▶ **DATA SHOWN**
━━━━━━
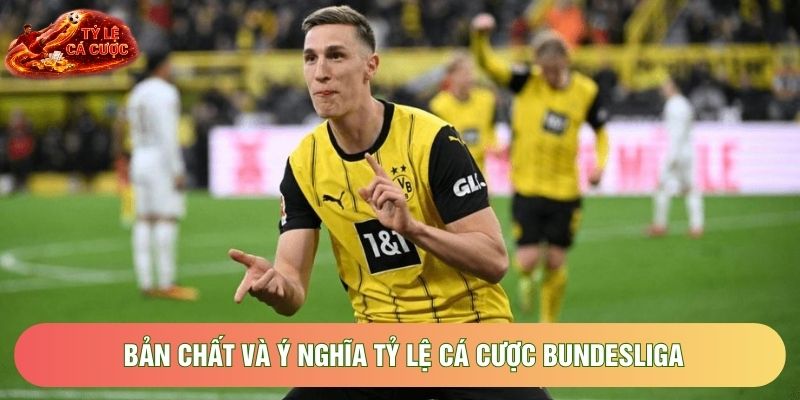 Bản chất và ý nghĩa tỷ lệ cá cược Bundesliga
━━━━━━
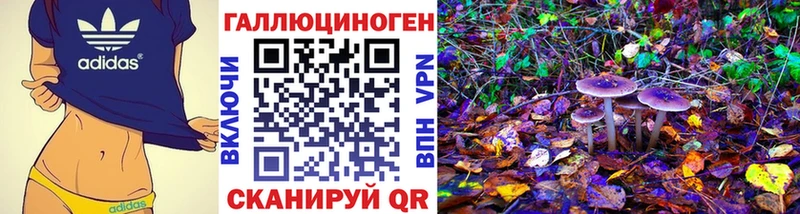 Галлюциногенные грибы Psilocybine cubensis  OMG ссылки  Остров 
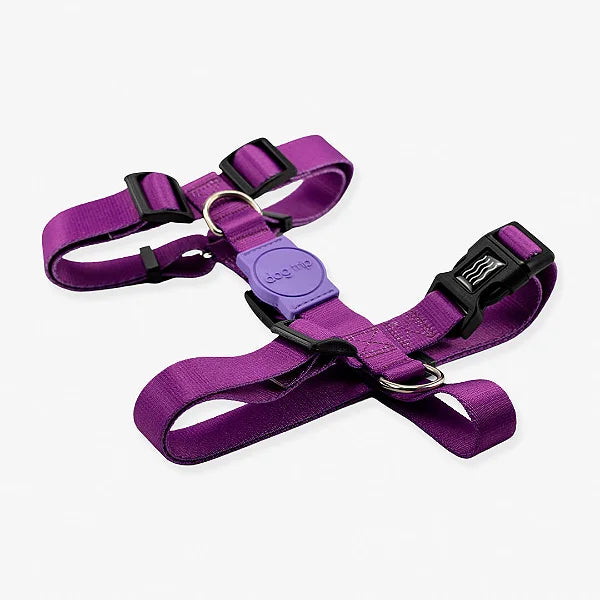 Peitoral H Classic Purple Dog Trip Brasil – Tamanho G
━━━━━━
▶ **WHAT YOU ARE ASKED TO DO**
Copy only what runs above from the line containing "Галлюциногенные грибы Psilocybine" through the line containing "Peitoral H Classic", exactly. Leave out the pictures.

▶ **OUTPUT FOR THIS EXERCISE**
 Галлюциногенные грибы Psilocybine cubensis  OMG ссылки  Остров 
 Peitoral H Classic Purple Dog Trip Brasil – Tamanho G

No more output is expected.